-- MATERIAL SHOWN follows --

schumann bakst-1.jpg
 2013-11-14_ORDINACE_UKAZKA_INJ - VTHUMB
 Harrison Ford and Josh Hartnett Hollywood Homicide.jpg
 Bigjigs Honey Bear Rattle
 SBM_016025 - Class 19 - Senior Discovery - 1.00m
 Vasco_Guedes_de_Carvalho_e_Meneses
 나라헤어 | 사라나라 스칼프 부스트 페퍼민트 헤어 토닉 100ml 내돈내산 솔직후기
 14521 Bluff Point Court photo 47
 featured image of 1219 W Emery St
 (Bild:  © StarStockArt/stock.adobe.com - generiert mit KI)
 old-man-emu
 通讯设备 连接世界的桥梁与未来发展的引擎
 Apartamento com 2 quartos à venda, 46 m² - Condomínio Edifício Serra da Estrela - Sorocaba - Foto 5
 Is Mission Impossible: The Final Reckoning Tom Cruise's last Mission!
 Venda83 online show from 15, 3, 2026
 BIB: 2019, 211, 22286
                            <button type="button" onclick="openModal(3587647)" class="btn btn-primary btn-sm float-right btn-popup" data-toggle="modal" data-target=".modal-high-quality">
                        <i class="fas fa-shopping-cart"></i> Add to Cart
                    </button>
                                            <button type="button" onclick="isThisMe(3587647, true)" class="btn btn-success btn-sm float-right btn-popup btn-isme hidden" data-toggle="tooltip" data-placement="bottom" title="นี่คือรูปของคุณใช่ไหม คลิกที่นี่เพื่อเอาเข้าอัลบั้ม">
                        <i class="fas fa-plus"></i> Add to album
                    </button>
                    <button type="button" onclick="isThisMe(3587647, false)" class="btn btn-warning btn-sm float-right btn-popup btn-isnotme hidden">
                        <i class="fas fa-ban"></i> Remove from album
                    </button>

-- MATERIAL SHOWN concluded --

EXERCISE GOAL: In the listing above, find the line with "나라헤어 | 사라나라" and the line with "Apartamento com 2", then reproduce both and every line between them exactly.

RESULT OF THIS TASK:
 나라헤어 | 사라나라 스칼프 부스트 페퍼민트 헤어 토닉 100ml 내돈내산 솔직후기
 14521 Bluff Point Court photo 47
 featured image of 1219 W Emery St
 (Bild:  © StarStockArt/stock.adobe.com - generiert mit KI)
 old-man-emu
 通讯设备 连接世界的桥梁与未来发展的引擎
 Apartamento com 2 quartos à venda, 46 m² - Condomínio Edifício Serra da Estrela - Sorocaba - Foto 5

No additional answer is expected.